Research ethics are applied to all areas of research, from the planning stage to conducting and writing up the research and even in any follow up research. The aim of research ethics are to protect the participant and to protect the research project. Ethical research is governed by ethical principles and values and is conducted with the best interests of the participants in mind, as opposed to the other aspects of research which revolve around the project itself (Habibis, 2013, p. 73). There is a power imbalance between the researcher and the participant which must be acknowledged, this is especially true when the research area involves those from vulnerable groups in society. According to Habibis (2013, p. 73) the researcher is the one who is control of all aspects of the project, which only highlights the power imbalance further and informs us of the need to protect the participant from harm. Informed consent is sought in order to verify that participation in the research is voluntary and that the participant is informed of the purpose of the research, the methods used to conduct the research and any risks associated with their participation in the project (Habibis (2013, pp. 75-79). Researchers are ethically obligated to ensure the participants anonymity and confidentiality. Anonymity ensures that the participant cannot be identified as having taken part in the research and confidentiality guarantees that they cannot be identified from the data they provide in the research project (Habibis (2013, p. 82). Punch (2014) adds that one way researchers ensure confidentiality is by removing identifiable information from the data they store, a process which is known as ‘anonymisation’. References Habibis, D 2013, ‘Ethics and Social Research’, Chapter 4 in Walter, Maggie (ed.). 2013, ‘Social Research Methods’3rd ed. South Melbourne: Oxford University Press, pp. 72-79. Punch, KF 2014, ‘Introduction to Social Research Quantitative and Qualitative Approaches’, 3rd ed, SAGE Publications, London.

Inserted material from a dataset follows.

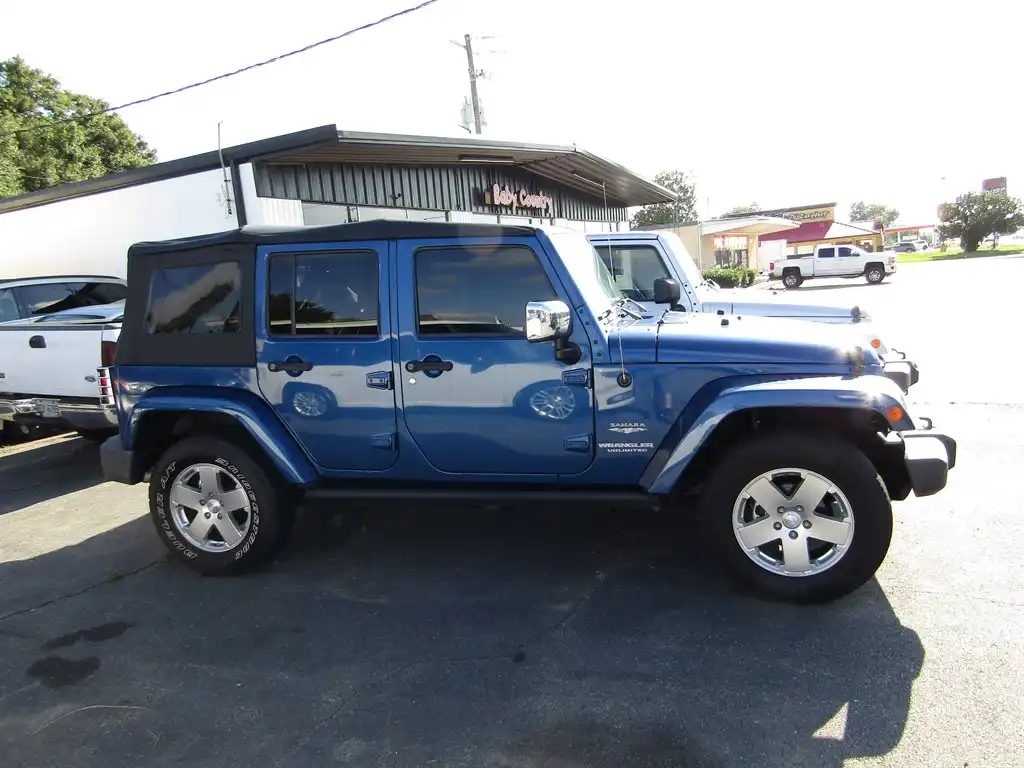 2010 Jeep Wrangler Sahara 4WD's photo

Laszlo La Marque said : Guest Report a month ago

The key principles of ethical research, especially in human research, address the challenges of mediating the conflict of interest that occurs between what researchers need to conduct experiments and what participants need in terms of protections. Adapting those moral standards which moderate behaviour, ethical research aims to produce material of beneficial use to society in order to justify human research. It is therefore governed by Human Research Ethics Committees. The first precaution of ethical research is, like medical ethics, to do no harm. This involves considering the type of research and its methods and identifying potential risks. Being aware of risks to potentially vulnerable participants, particularly by being conscious of embarrassing or distressing issues and sensitive topics is also vital, and good practitioners provide avenues for professional support and debriefing after the research is concluded. Risks must be communicated to participants when gaining consent and risk should be avoided if possible. The option to end the research or experiment at any time by either researcher or participant is essential as is ensuring the anonymity of participants and the confidentiality of their data. Consent with voluntary participation is key. Informed consent means participants are aware of the reason for the research, any risks associated with it, and that they agree to undertake it without coercion, often confirmed by signing registered forms. Tacit consent is often assumed based on circumstances and verbal consent. Sometimes, particularly in covert ethnographic research, consent cannot be obtained but this is moderated by ensuring the anonymity of participants and the unlikelihood of their harm. Privacy must be assured through anonymity to protect participants’ identification as participants and confidentiality ensures that the specific contributions of respondents cannot be identified; these are safeguarded by secure storage and destruction of data as well as restricting access and use of data to appropriate persons.